Other participating CSWG organizations included the American Association for the Advancement of Science, American Chemical Society, American Geophysical Union, American Meteorological Society, American Society of Agronomy, American Statistical Association, the Consortium for Ocean Leadership, the Geological Society of America, the Soil Science Society of America and the Pacific Northwest National Laboratory.
On Feb. 22, House Science, Space and Technology Committee Chairman Lamar Smith (R-TX) sent a letter to National Oceanic and Atmospheric Administration (NOAA) demanding more documents related to the agency’s analyses of global temperature data. This follows a previous subpoena sent to NOAA by the Committee on October 13, 2015. So far, NOAA has given the committee 301 pages of emails between NOAA officials (excluding scientists’ emails) regarding a study published last year in the journal Science.
The Committee’s latest letter is asking NOAA to provide documents with specific words: “Karl,” “buoy,” “ship,” “Night Marine Air Temperature,” “temperature,” “climate,” “change,” “Paris,” “U.N.,” “United Nations,” “clean power plan,” “regulations,” “Environmental Protection Agency,” “President,” “Obama,” “White House,” and “Council on Environmental Quality.”
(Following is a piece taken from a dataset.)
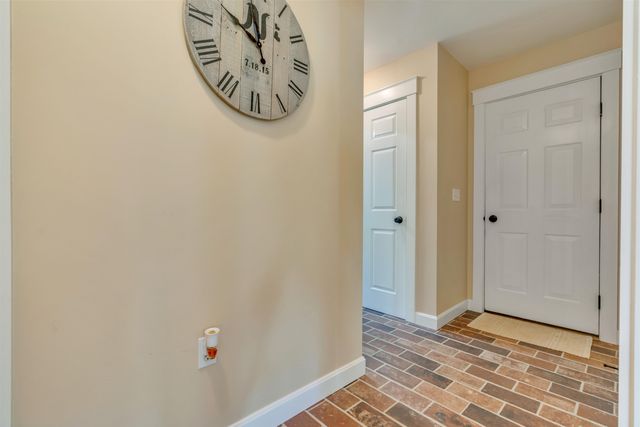 10 Partridge Drive, Middleton, NH 03887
The original Committee subpoena from October 2015 included requests for documents and communications from NOAA scientists. ESA and the American Association for the Advancement of Science, the American Chemical Society, the American Geophysical Union, the American Meteorological Society, the American Statistical Association, and the Geological Society of America, sent a letter to the Committee objecting to subpoena.
“The integrity of federal scientists’ research published in the journal Science is being questioned despite a lack of public evidence of scientific misconduct. The progress and integrity of science depend on transparency about the details of scientific methodology and the ability to follow the pursuit of scientific knowledge,” the letter states.
Although the Committee is no longer seeking communications from NOAA scientists, the sparring between NOAA and the House Science Committee is likely to continue. So far, NOAA has not made a public statement about the recent request although the original deadline of Feb. 29 to submit the documents to the Committee has passed.
The Department of the Interior (DOI) released a report on Feb. 18: Safeguarding America’s Lands and Waters from Invasive Species: A National Framework for Early Detection and Rapid Response.
The National Invasive Species Council (NISC) assisted DOI in the report’s development, including the US Department of Agriculture, Department of Commerce, the Environmental Protection Agency, State Department, and Department of Defense.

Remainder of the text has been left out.